As you will know from my work, issues surrounding the representation of women form a big part of my artistic practice. I think this comes from a need to respond or change my default thinking. The majority of stories we are exposed to, and the system in which we are taught, especially historical stories, are from a male narrator. I believe there is a lack of stories from a female perspective which are recorded within our history. Fast Forward’s main objective is to bring visibility to forgotten names, to celebrate women who work in photography, to study their practice and highlight important areas of their lives. As for my practice, I also deal with forgotten stories and stigmatised imagery often of women, to alter the vernacular that is being used. So for me, every voice matters, and it is important to look at historical and contemporary events more objectively.
I remember Anna Fox, Professor and Photographer once saying her goal in life was to contribute to the history of photography. This has remained with me for many years and has always been something I feel is an important goal for artists and practitioners to contribute to, or certainly feel part of the history of art. Within your practice you also explore areas of curating, please could you tell me about Fast Forward and the curatorial project One Image Story? Could you talk me through the impact this is having and why you feel this online platform is important?
As an artist there is no way that I am thinking about contributing to the history of art, but as a researcher, yes. What I find is important, again as I mentioned before, every story matters. It’s essential that we are continuing to make these issues prominent. For example, when I was at university being taught the history of photography, if you were to trace my notes from those lectures the majority of names mentioned would be men. That’s what frustrates me because many of us have been educated in this system, and it needs to be stopped. We need to educate people and encourage more stories to be told about female figures throughout history. We need to make more people aware of these issues especially within the education system. That’s really why I was attracted to Fast Forward, to contribute to that discussion. The whole idea with Fast Forward is to develop a platform for those conversations to exist on an international scale. For instance, Anna Fox who leads the project has been successful with funding from the Leverhulme Trust to organisation a series of international research workshops across six countries. That is what we are working on now with an aim to build up the network and open up discussions with partner organisations and the participants of the workshops. I think the international representation on our board (including myself being from Estonia) is the key element for us to be consistent in asking whether we do enough to look outside of the western world, do we do enough to represent that?

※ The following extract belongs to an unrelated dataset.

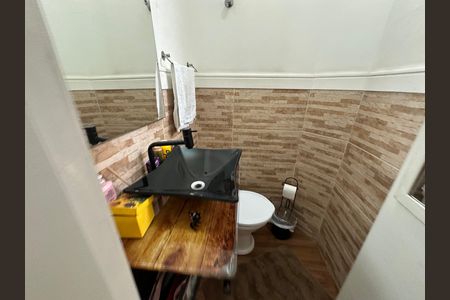 Casa à venda com 110m², 3 quartos e 2 vagasLavabo
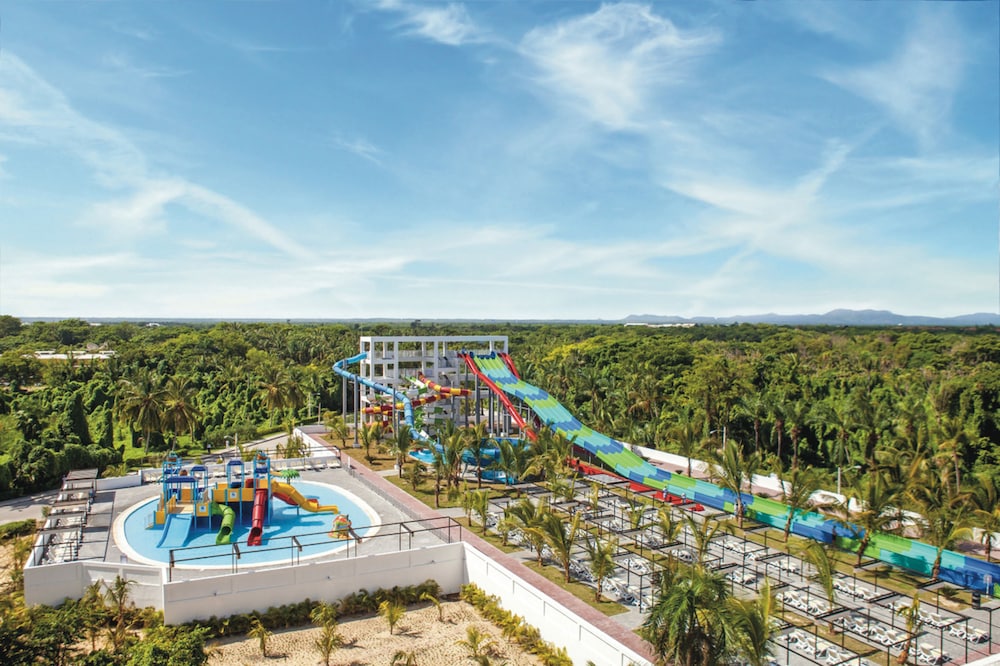 Hotel Riu Bambu - All Inclusive — Swimming pool in Bavaro, La Altagracia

One Image Story was always a small idea that came from this international format and the need to connect. When the idea came to me, I realised that I can actually ask anyone from anywhere to work with me as long as they have access to a sound recorder. It’s really very simple. As well I was very interested in this idea of how we all are exposed to hundreds and thousands of images every second of our day. Nowadays it’s really hard to convince people to sit and listen for one hour, even to read a long text is difficult. I thought two minutes would be enough time for the artist to say what they want. One Image Story is a collaborative process between myself and the artist. It’s a very different conversation each time. The artists are proposing an idea or I am suggesting a particular approach. It really becomes to be, for some, very experimental. Each artist attempts to create something for the project, like writing a text or using a computerised voice. It’s quite fun and I hope people find it exciting.

I would like to talk to you about the role of found imagery and materials such as textiles and embroidery in I am Usual Woman, Interiors and My Half?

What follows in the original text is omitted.